Abandoned Buildings

At the height of summer we actually contemplated evacuating the wasps. Although they were minding their own business and busy incidentally helping us in the garden, the nests were absolutely teeming with wasps. There were wasps everywhere.[1] The nests were so full that clumps of wasps would literally fall off as if bombing the ground below the backdoor, the out-house and the laundry. These wasps were not dwelling far away from our daily activities, they were right there at the centre of the action. It was intense.

The abandoned nests pictured here are two of six or seven.
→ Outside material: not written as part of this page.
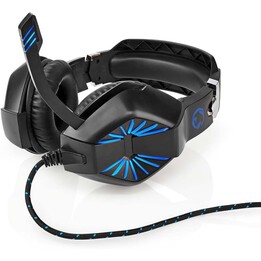 Casque gaming nedis |supra-aural |stereo|usb type-a / 2x 3,5 mm/ microphone |2,20 m |led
And so, due to the overwhelming numbers and despite my professional and personal proximity to people who argue for multispecies futures and my general agreement with those arguments [2] and Sophie’s day job as an ecologist, we almost talked ourselves into a mass evacuation (eviction? execution? massacre?). “We are having a house gig”, we said to each other. “What if there are kids and no epipens”, we said to each other. Oh, the terrible horrible dark powers of risk management training! What were we thinking?! Before starting the process, we had a moment of enlightenment and turned to the Internet to find out a little bit more about the Australian Paper Wasp. [3] We found out many extraordinary things about these guys that quickly shocked us out of our risk averse stupor.
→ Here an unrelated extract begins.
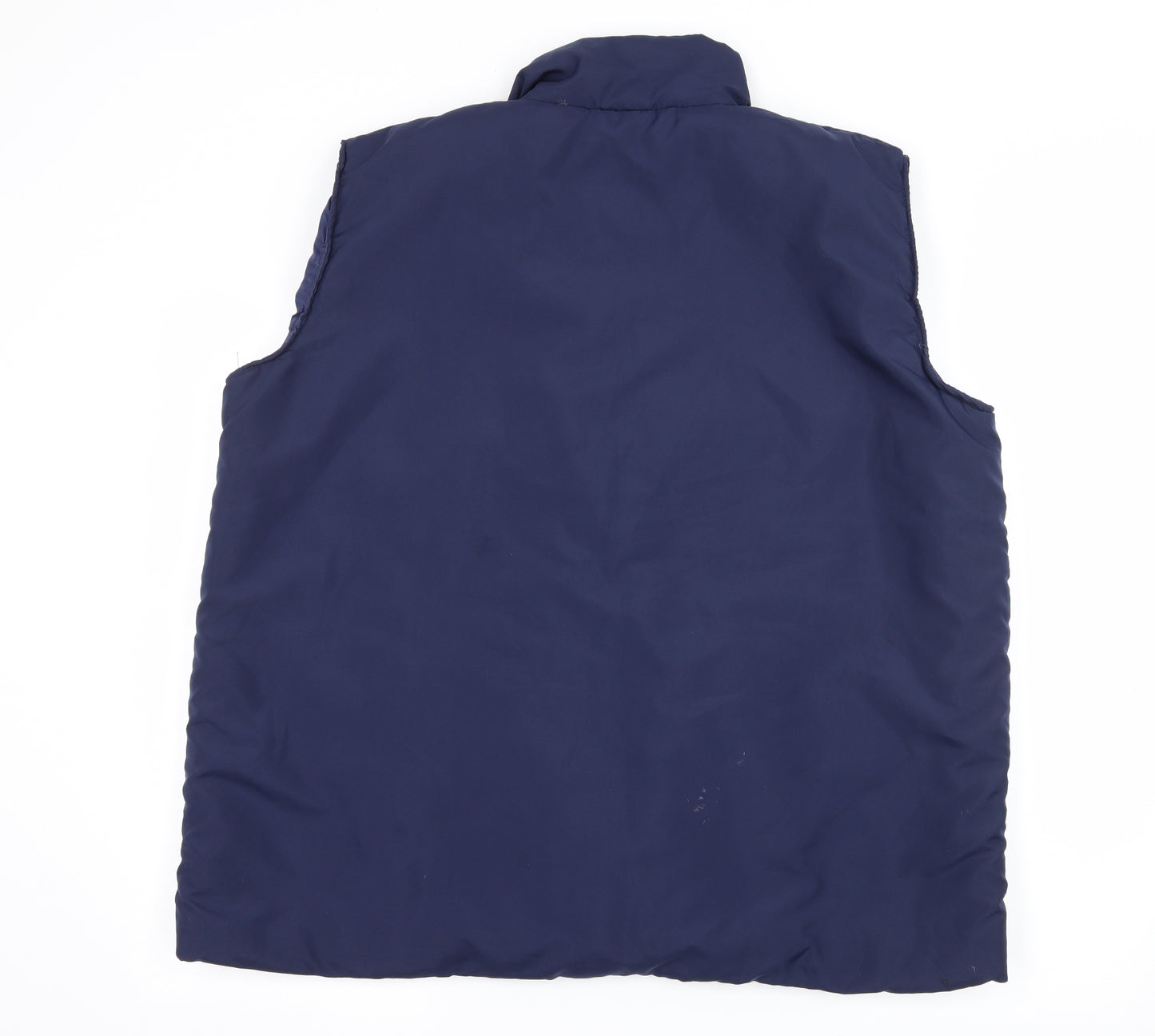 Anne De Lancay Womens Blue   Gilet Jacket Size 22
ABC Science website revealed that “The wasp prepares this paper ‘plaster’ by scraping tiny shavings of wood from old fence posts and rotten branches and mixing it with saliva. The queen wasp shapes the plaster into a series of chambers or cells, into each of which she lays a single egg.” [4] Over Spring and Summer they build these house a composite of different materials. In late summer and autumn, when we were contemplating the evacuation, the eggs begin to hatch. They were about two thirds of the way through a complex annual process. Once all the eggs have hatched they hibernate for the Winter and return in Spring to start the process again.
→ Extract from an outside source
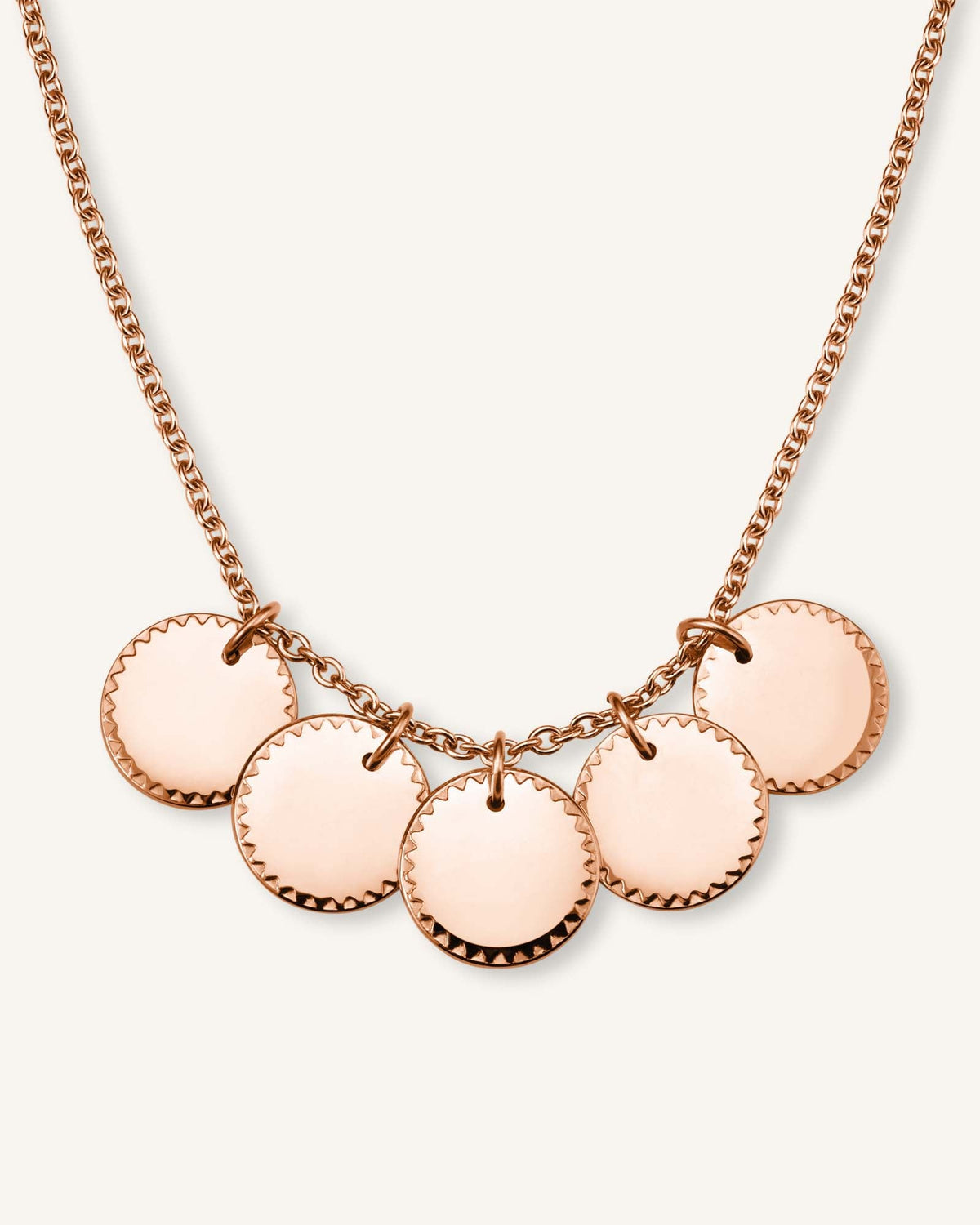 5 Coin Charm Necklace JN5CG-J520,leftcolumn,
So we didn’t “evacuate” the wasps. Instead on the day of the gig we stopped people from using the doors that they were dive bombing. No humans or wasps were hurt. And now we have their abandoned homes to remind us of their presence. I hope they will be back this spring. Last winter we took down one of these houses after it had been abandoned to discourage them from setting up shop right above the back door, and they returned and put up a new one in the exactly same spot. Although I was a bit jumpy when swooped by the wasps when they were out and about doing their thing, as the year wore on I started to feel as though they were becoming used to my presence, but I actually think I was learning how to live with them.IMG_4496[1] My dad and I had a party trick. We could recite the whole of the kids book The Giant Jam Sandwich which was about a town that banded together to trap four million wasps in between two oversized slices of bread.

[2] See, for example, the work of my friends and colleagues Thom van Dooren, Flight Ways: Life and Loss at the Edge of Extinction (New York: Columbia UP, 2014) and Eben Kirksey, The Multispecies Salon (Durham: Duke UP, 2013). With friends like this you can’t get away with killing seven colonies of wasps. That’s a good thing.